触れることができないほど熱いというものではなく、ほんわりと温かいのです。

冬、雪が降る日に、その石を屋外に置いておくと、石の上には雪が積もらず、まわりの雪が解けました。

それを懐に入れておくと温かいので、冬の間はアンカとして重宝したそうです。

ただし、握りこぶしくらいの大きさでしたから、お湯を沸かすとか、湯たんぽがわりにはなりませんでした。

見た目は、普通の火山岩、おそらく安山岩のような灰色の硬い石でした。

じじいは、この石は放射能を持っているのではないかと疑い、持ち主に説明して、写真フィルムの上に二晩ほど置いておきました。

しかし、その後、そのフィルムを現像しても、放射線で感光した形跡はありませんでした。

不思議なことは、その石を握る人によって、その温かさ(温度)が異なっているように感じられたことです。

ある人が握ると、かなり熱いと言うし、ある人にとっては、まあ、人肌くらいかな、という感じです。

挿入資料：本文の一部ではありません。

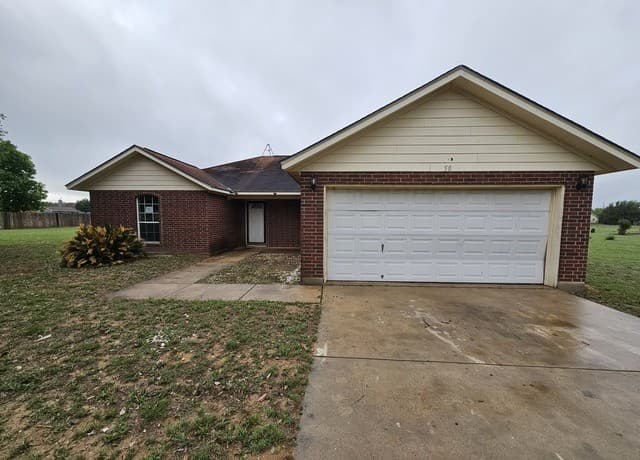 3-bedroom rental at 50 Rock Dove Dr in Lytle, TX — photo 2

何か毒素を出しているかもしれないということで、その石をメダカを飼っている水槽にいれておきました。

メダカや水草にはなんの変化もありませんでした。

むしろ、それらは元気になる、成長が早まるような感じだったということです。

その石は、その後、どこかに売り払われたそうですが、じじいは、それを手に入れられなかったのを残念がっていました。

その石を見た後、じじいは、集めた石を握って発熱を確かめていたそうです。

欲が深いですね。

「いや、わしもさわってみたんやが、たしかにぬくかったんよ。あれはめずらしいもんやったけん、ほしかったんやけど、持ち主がしらんあいだにうってしもうてのう。まあ、ながいあいだもっちょったら、わるいことがおきたかもしれんね。」

と、じじいは未練がましく言ってました。